[Excerpted records]

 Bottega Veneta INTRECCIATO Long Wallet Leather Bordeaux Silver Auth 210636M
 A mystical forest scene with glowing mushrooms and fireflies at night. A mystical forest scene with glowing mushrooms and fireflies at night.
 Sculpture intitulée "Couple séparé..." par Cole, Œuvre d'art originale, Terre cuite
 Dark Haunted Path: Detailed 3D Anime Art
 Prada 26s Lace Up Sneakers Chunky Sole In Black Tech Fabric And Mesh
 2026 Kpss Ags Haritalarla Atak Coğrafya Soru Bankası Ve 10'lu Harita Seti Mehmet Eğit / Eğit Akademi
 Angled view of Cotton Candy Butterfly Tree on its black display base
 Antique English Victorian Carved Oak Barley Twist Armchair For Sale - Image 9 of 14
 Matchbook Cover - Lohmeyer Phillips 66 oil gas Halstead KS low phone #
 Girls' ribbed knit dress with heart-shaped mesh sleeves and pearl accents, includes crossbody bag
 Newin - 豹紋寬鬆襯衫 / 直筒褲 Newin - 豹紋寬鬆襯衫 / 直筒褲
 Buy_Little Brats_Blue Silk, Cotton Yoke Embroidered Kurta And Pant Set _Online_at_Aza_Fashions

[/Excerpted records]

> [Brief] Only the lines from the one containing "Prada 26s Lace" through the last line of the records should appear, each written out exactly.

> [Task solution]
 Prada 26s Lace Up Sneakers Chunky Sole In Black Tech Fabric And Mesh
 2026 Kpss Ags Haritalarla Atak Coğrafya Soru Bankası Ve 10'lu Harita Seti Mehmet Eğit / Eğit Akademi
 Angled view of Cotton Candy Butterfly Tree on its black display base
 Antique English Victorian Carved Oak Barley Twist Armchair For Sale - Image 9 of 14
 Matchbook Cover - Lohmeyer Phillips 66 oil gas Halstead KS low phone #
 Girls' ribbed knit dress with heart-shaped mesh sleeves and pearl accents, includes crossbody bag
 Newin - 豹紋寬鬆襯衫 / 直筒褲 Newin - 豹紋寬鬆襯衫 / 直筒褲
 Buy_Little Brats_Blue Silk, Cotton Yoke Embroidered Kurta And Pant Set _Online_at_Aza_Fashions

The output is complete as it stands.